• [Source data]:
'''
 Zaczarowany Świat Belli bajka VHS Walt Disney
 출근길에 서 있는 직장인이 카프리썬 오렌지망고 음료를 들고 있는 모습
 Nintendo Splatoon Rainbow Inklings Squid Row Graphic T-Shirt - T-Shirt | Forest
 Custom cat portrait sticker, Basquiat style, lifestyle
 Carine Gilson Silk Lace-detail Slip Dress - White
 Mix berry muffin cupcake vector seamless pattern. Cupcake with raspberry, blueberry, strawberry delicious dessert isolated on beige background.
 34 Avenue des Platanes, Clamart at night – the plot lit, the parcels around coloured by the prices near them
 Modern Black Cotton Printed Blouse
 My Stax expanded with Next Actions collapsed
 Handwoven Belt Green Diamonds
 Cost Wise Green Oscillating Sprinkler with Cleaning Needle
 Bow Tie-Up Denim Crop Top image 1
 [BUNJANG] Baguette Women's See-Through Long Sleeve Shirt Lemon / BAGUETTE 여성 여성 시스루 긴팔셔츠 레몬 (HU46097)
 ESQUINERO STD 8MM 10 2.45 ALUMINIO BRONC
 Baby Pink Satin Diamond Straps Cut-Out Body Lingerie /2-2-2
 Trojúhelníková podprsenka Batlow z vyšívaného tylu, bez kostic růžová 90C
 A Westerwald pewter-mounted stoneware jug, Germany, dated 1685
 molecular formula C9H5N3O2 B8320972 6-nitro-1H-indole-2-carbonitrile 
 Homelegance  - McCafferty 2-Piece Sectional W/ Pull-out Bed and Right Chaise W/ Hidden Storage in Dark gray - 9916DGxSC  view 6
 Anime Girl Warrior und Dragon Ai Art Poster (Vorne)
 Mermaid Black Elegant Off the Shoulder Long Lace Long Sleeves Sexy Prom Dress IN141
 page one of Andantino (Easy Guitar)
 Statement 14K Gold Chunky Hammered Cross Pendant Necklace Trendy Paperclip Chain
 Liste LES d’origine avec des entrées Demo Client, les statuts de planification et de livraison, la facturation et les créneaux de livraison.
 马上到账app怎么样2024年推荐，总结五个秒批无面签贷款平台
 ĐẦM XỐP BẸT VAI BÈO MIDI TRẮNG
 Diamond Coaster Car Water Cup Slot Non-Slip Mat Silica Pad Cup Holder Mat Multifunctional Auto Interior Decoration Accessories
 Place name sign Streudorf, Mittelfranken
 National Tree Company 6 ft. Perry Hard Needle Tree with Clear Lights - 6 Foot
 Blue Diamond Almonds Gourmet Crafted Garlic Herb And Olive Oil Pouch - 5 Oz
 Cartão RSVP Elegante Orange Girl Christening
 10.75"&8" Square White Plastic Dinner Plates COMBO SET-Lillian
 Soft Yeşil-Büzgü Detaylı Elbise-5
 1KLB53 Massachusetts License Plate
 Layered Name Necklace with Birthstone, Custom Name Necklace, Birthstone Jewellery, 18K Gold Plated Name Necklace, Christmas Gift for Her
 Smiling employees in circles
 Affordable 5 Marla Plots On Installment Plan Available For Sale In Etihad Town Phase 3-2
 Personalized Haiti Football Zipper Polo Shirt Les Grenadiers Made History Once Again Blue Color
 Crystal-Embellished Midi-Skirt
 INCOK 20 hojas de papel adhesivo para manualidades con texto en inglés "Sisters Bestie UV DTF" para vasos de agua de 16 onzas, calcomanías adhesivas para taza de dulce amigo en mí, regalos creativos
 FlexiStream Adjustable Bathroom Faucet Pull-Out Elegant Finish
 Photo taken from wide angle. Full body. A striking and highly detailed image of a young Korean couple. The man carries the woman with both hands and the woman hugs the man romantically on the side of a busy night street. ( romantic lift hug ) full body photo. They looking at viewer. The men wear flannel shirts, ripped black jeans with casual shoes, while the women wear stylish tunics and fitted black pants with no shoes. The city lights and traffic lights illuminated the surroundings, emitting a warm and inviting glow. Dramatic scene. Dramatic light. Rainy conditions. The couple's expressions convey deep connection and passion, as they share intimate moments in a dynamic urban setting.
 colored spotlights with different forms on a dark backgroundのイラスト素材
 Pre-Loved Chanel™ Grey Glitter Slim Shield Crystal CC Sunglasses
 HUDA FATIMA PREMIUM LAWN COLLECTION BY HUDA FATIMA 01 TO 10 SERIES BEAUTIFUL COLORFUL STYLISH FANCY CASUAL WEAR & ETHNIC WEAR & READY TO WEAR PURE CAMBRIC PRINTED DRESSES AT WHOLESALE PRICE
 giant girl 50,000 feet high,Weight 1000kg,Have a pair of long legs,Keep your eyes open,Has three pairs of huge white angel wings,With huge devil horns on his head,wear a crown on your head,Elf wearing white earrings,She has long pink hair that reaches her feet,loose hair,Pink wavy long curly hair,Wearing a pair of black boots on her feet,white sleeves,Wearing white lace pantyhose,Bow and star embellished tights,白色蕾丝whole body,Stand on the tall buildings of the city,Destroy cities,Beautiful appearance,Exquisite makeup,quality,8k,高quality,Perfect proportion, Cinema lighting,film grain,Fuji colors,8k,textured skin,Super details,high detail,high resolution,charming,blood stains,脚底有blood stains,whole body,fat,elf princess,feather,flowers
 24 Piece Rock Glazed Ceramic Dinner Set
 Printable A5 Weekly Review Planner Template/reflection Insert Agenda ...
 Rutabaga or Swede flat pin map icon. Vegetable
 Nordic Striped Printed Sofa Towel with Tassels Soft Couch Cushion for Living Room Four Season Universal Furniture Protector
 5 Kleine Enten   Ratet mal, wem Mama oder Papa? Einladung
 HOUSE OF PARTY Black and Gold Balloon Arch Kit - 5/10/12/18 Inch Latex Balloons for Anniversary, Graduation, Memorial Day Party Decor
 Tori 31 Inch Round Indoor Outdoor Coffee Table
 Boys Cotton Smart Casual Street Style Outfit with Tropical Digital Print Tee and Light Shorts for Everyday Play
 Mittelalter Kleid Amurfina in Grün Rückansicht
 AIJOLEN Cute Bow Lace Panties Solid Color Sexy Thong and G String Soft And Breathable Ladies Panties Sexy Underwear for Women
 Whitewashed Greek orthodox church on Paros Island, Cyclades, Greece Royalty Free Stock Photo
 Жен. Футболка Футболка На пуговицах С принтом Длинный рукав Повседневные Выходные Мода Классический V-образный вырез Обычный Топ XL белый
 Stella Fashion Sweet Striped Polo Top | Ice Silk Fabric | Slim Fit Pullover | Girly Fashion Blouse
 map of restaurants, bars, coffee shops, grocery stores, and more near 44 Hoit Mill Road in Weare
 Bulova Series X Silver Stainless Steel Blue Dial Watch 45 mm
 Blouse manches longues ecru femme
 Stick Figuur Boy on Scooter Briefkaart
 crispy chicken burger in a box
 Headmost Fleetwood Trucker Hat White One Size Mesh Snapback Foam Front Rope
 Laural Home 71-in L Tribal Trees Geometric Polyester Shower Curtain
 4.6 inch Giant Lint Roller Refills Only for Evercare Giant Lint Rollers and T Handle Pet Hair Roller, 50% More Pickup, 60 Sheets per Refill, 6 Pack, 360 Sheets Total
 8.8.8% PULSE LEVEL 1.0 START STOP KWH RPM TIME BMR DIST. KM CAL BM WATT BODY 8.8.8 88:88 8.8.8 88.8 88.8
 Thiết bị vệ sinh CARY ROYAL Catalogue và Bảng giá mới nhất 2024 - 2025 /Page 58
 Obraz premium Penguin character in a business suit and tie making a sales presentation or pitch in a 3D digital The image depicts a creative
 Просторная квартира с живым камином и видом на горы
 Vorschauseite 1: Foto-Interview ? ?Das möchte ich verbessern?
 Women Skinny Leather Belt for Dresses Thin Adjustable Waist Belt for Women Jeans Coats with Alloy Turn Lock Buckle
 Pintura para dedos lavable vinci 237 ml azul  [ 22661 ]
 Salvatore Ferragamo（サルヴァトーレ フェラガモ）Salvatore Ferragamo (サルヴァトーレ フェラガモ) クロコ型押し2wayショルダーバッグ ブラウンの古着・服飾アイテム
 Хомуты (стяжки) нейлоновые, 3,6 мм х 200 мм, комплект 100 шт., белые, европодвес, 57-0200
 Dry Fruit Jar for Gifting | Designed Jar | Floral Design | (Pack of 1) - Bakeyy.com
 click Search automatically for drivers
'''
• [Aim of the exercise]:
Starting at the line that contains "ĐẦM XỐP BẸT VAI BÈO MIDI TRẮNG" and stopping after the line that contains "1KLB53 Massachusetts License Plate", write out every line exactly as it appears above, and no other line.

• [Problem solution]:
 ĐẦM XỐP BẸT VAI BÈO MIDI TRẮNG
 Diamond Coaster Car Water Cup Slot Non-Slip Mat Silica Pad Cup Holder Mat Multifunctional Auto Interior Decoration Accessories
 Place name sign Streudorf, Mittelfranken
 National Tree Company 6 ft. Perry Hard Needle Tree with Clear Lights - 6 Foot
 Blue Diamond Almonds Gourmet Crafted Garlic Herb And Olive Oil Pouch - 5 Oz
 Cartão RSVP Elegante Orange Girl Christening
 10.75"&8" Square White Plastic Dinner Plates COMBO SET-Lillian
 Soft Yeşil-Büzgü Detaylı Elbise-5
 1KLB53 Massachusetts License Plate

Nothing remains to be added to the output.